[Start of Attachment]
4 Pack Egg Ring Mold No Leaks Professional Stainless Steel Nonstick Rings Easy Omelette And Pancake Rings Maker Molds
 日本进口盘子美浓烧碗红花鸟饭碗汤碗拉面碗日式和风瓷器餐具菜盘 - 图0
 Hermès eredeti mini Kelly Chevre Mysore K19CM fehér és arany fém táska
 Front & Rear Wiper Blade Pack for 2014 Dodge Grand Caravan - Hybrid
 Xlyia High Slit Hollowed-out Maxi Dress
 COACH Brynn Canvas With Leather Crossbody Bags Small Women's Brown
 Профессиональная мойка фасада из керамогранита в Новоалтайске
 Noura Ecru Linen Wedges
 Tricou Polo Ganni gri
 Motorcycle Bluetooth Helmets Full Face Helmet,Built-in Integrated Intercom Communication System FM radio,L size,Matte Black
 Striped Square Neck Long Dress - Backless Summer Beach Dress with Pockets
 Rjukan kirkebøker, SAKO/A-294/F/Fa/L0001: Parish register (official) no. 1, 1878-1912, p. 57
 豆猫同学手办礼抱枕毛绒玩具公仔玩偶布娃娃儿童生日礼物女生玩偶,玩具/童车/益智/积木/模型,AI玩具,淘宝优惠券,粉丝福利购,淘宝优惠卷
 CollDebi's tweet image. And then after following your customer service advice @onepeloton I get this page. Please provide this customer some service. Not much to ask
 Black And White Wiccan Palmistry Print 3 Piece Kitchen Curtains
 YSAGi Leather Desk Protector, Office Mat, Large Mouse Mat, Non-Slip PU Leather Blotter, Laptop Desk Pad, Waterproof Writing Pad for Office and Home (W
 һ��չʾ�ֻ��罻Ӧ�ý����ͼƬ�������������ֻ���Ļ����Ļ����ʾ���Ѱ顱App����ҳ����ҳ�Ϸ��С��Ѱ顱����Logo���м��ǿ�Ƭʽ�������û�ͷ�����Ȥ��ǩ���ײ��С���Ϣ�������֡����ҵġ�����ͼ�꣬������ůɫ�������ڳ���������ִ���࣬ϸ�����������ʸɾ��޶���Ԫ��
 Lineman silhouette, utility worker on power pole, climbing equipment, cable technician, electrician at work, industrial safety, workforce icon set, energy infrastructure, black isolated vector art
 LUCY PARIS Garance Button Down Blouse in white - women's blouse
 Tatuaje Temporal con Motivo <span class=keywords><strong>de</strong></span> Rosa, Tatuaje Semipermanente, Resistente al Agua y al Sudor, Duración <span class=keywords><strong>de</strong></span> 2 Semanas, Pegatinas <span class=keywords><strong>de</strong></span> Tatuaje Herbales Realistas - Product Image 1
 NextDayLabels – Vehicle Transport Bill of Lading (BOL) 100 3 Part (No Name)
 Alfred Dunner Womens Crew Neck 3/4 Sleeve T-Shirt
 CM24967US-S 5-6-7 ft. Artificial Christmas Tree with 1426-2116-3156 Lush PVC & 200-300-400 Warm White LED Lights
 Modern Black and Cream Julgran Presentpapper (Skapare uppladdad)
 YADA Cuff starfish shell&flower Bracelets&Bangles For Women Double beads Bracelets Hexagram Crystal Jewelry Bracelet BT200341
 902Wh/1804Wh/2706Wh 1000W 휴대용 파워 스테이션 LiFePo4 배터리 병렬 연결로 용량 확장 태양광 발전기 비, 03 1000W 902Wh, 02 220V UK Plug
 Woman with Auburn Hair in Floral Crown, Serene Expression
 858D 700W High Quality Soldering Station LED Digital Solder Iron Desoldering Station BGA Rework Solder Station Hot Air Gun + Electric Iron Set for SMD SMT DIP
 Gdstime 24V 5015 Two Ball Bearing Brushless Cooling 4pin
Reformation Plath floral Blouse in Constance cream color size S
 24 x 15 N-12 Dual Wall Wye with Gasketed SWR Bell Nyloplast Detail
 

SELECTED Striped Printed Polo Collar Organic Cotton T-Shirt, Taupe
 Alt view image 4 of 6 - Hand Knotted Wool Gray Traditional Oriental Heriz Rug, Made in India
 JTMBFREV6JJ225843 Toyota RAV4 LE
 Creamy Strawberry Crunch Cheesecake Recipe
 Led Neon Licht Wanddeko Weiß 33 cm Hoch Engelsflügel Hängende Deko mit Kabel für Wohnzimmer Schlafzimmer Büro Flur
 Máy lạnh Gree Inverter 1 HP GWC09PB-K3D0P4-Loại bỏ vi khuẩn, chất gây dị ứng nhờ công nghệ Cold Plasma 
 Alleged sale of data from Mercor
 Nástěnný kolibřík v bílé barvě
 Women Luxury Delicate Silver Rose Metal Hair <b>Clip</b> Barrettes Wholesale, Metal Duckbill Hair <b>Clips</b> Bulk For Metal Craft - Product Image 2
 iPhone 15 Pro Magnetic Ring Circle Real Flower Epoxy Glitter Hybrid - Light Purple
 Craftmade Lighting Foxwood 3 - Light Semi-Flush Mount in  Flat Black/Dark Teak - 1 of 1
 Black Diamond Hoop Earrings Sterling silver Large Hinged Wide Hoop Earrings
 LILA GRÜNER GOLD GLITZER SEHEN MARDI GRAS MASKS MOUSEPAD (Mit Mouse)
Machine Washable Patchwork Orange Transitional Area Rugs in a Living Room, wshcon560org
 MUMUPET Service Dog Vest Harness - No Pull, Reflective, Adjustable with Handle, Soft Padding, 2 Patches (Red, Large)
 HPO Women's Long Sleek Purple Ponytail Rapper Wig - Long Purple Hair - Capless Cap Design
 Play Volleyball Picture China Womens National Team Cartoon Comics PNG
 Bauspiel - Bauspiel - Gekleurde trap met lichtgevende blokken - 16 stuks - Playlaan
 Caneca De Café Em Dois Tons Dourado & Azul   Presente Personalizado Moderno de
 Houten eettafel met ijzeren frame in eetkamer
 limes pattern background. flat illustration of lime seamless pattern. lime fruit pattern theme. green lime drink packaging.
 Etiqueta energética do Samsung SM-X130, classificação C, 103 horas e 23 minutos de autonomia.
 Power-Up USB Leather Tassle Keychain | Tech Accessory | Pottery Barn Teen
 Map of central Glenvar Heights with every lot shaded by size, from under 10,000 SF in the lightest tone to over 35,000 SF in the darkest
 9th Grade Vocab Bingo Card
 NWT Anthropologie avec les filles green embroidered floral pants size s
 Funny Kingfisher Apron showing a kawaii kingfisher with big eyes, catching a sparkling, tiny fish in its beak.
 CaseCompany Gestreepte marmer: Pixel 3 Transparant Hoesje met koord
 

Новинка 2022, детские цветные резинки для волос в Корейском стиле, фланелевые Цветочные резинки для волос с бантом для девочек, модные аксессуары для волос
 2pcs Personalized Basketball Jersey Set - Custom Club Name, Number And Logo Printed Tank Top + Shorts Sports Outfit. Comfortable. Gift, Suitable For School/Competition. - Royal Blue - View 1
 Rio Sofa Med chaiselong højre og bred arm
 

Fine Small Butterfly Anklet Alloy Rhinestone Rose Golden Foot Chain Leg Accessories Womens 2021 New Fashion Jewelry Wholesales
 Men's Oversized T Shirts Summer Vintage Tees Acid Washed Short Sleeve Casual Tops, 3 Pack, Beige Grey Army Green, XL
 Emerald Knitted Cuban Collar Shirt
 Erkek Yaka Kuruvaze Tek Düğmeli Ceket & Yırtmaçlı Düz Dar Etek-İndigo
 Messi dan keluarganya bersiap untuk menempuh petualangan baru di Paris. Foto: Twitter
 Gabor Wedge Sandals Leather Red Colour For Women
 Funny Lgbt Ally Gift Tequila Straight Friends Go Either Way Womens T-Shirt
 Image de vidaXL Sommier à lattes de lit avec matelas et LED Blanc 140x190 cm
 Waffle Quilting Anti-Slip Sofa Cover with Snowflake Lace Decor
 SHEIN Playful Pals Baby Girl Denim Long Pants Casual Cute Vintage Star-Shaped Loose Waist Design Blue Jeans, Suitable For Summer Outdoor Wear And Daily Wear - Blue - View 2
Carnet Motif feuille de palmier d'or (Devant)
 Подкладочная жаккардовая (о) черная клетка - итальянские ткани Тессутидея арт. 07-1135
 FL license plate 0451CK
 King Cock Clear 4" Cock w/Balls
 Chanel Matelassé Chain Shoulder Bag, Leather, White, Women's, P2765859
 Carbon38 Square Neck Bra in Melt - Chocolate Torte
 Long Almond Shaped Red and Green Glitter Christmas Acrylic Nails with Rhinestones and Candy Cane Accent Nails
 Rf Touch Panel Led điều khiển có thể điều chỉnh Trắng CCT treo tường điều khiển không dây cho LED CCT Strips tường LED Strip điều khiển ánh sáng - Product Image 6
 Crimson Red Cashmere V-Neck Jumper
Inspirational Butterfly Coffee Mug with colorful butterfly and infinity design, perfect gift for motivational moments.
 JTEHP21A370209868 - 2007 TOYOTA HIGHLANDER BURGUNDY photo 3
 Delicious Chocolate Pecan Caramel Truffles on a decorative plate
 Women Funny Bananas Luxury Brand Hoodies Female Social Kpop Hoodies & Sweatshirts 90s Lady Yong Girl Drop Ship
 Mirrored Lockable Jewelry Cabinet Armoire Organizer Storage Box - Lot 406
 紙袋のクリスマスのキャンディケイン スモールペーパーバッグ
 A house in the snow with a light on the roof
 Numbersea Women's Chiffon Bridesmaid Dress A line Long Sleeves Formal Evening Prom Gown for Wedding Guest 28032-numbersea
[End of Attachment]
### [TASK BRIEF]
All lines in the listing above from the line containing "FL license plate 0451CK" to the line containing "Crimson Red Cashmere V-Neck Jumper", inclusive, should be retyped exactly; no other lines should appear.

### [YOUR RESPONSE]
 FL license plate 0451CK
 King Cock Clear 4" Cock w/Balls
 Chanel Matelassé Chain Shoulder Bag, Leather, White, Women's, P2765859
 Carbon38 Square Neck Bra in Melt - Chocolate Torte
 Long Almond Shaped Red and Green Glitter Christmas Acrylic Nails with Rhinestones and Candy Cane Accent Nails
 Rf Touch Panel Led điều khiển có thể điều chỉnh Trắng CCT treo tường điều khiển không dây cho LED CCT Strips tường LED Strip điều khiển ánh sáng - Product Image 6
 Crimson Red Cashmere V-Neck Jumper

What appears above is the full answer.